▶ _WHAT THE EXERCISE ASKS_
Pictures stay out of the copy. Retype exactly the lines below from the one with "Smart watch Huawei" through the one with "Servaasbolwerk 31, 3512 NK Utrecht kaart".

──────── STORED DATA ────────

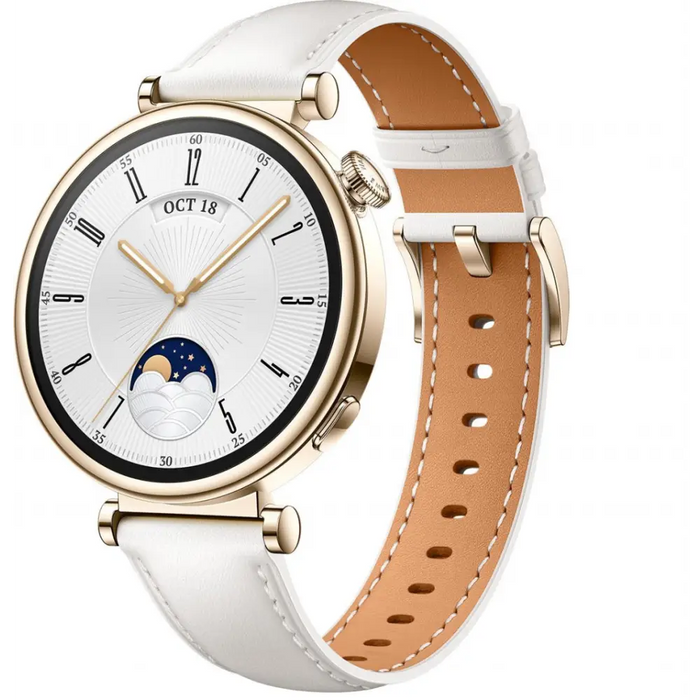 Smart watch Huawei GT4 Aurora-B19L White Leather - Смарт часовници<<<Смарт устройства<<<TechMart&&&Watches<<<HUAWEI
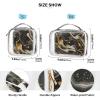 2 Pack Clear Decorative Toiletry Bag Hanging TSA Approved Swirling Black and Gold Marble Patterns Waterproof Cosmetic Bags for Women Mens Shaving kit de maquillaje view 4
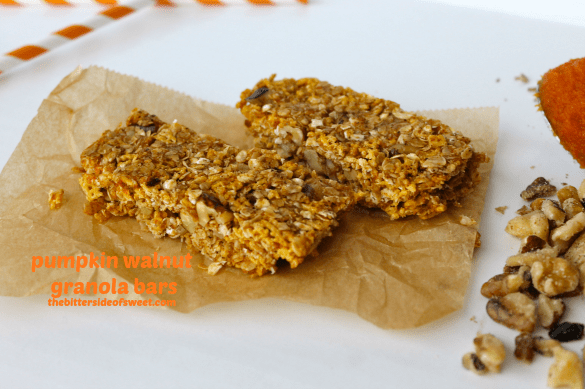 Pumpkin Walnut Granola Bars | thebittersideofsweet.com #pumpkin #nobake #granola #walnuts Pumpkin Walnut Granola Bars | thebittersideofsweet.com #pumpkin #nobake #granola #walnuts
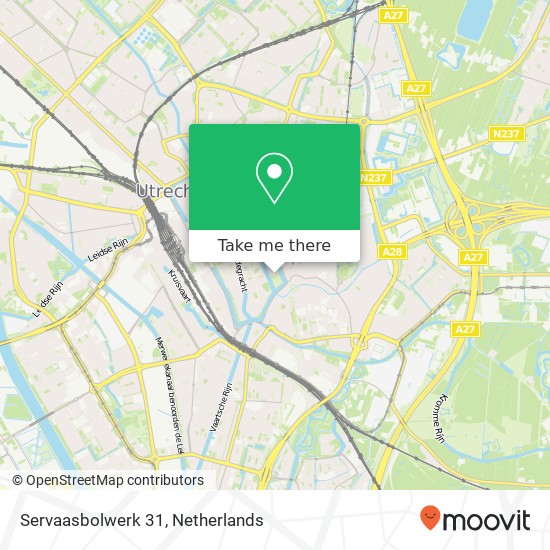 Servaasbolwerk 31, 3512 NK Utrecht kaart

────────
──────── STORED DATA ────────

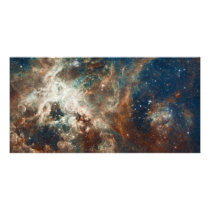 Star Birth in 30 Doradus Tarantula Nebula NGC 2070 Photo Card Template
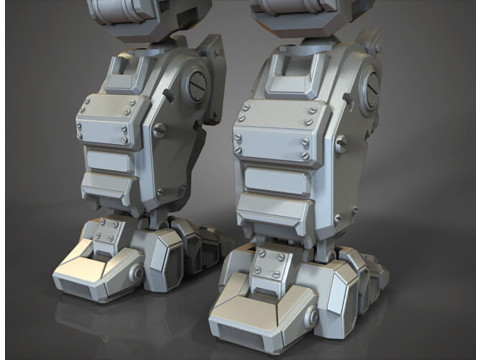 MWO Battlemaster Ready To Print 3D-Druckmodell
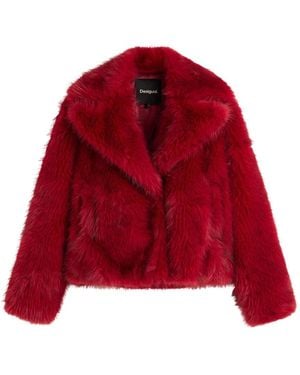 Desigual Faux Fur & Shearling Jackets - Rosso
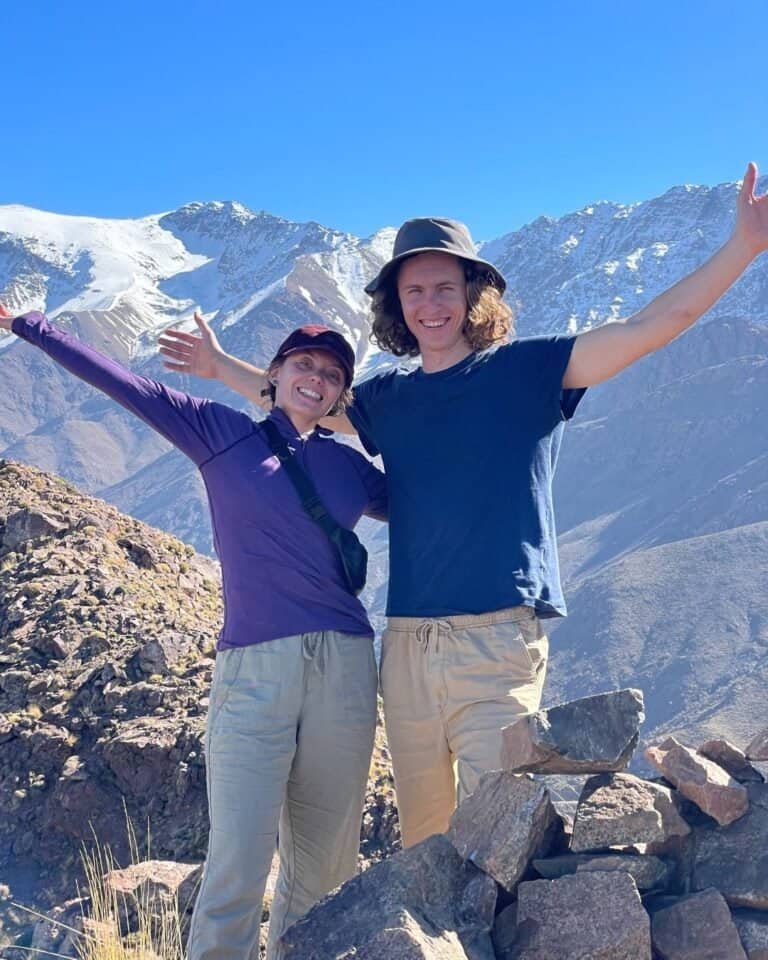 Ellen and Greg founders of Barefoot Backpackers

────────
──────── STORED DATA ────────

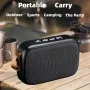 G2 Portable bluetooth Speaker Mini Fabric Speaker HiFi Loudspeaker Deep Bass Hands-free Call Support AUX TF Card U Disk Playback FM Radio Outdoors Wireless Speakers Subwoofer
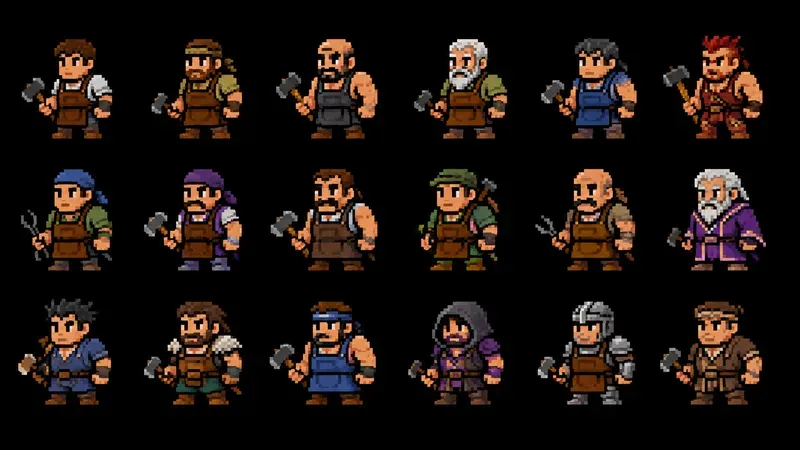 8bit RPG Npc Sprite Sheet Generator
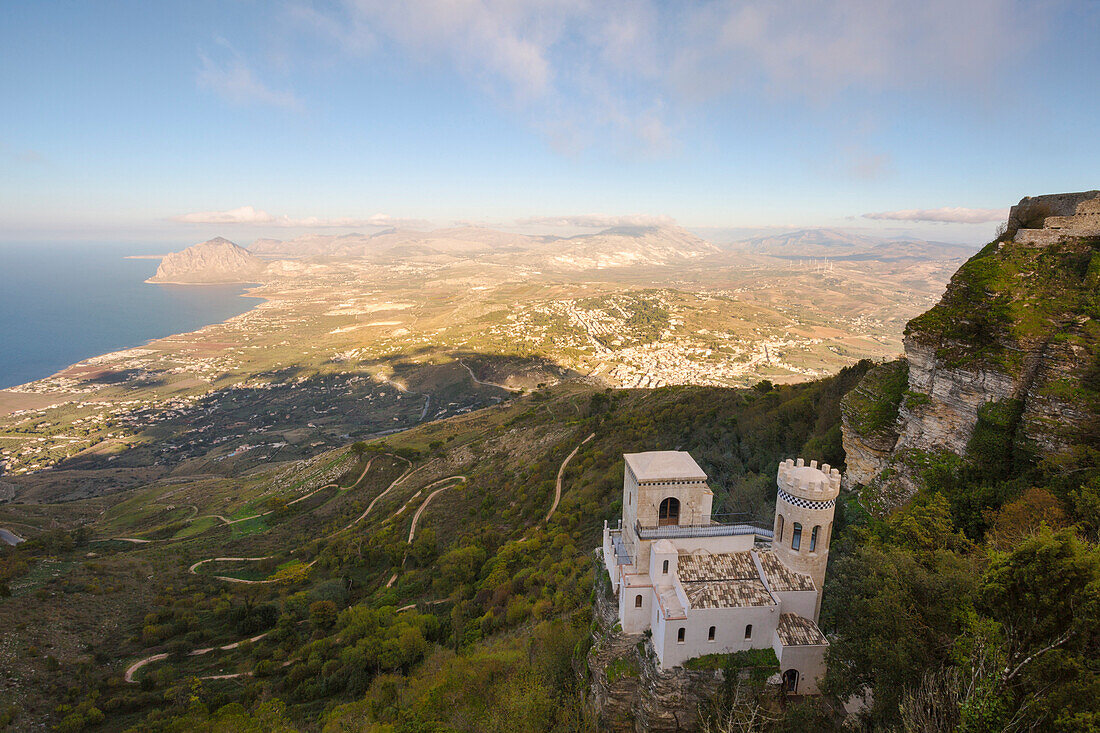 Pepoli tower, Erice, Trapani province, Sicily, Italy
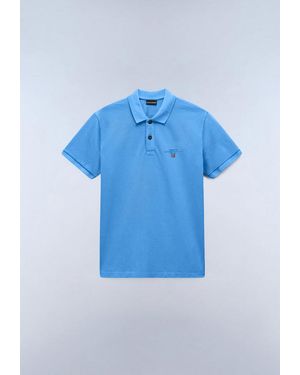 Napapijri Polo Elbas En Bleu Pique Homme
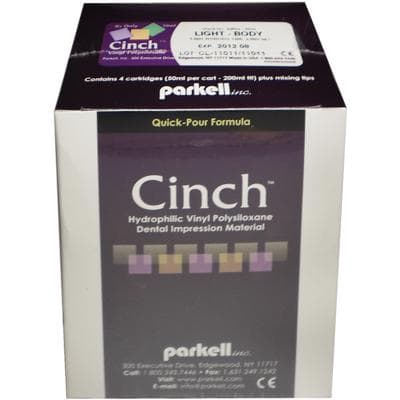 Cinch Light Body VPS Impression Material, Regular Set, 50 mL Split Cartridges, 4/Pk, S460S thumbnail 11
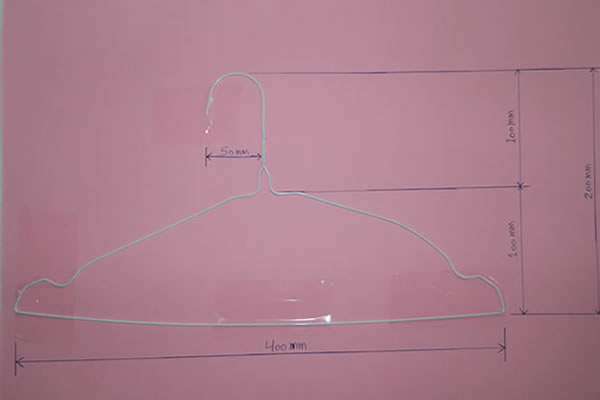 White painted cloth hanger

────────

▶ _REPLY TO THE TASK_
 Smart watch Huawei GT4 Aurora-B19L White Leather - Смарт часовници<<<Смарт устройства<<<TechMart&&&Watches<<<HUAWEI
 2 Pack Clear Decorative Toiletry Bag Hanging TSA Approved Swirling Black and Gold Marble Patterns Waterproof Cosmetic Bags for Women Mens Shaving kit de maquillaje view 4
 Pumpkin Walnut Granola Bars | thebittersideofsweet.com #pumpkin #nobake #granola #walnuts Pumpkin Walnut Granola Bars | thebittersideofsweet.com #pumpkin #nobake #granola #walnuts
 Servaasbolwerk 31, 3512 NK Utrecht kaart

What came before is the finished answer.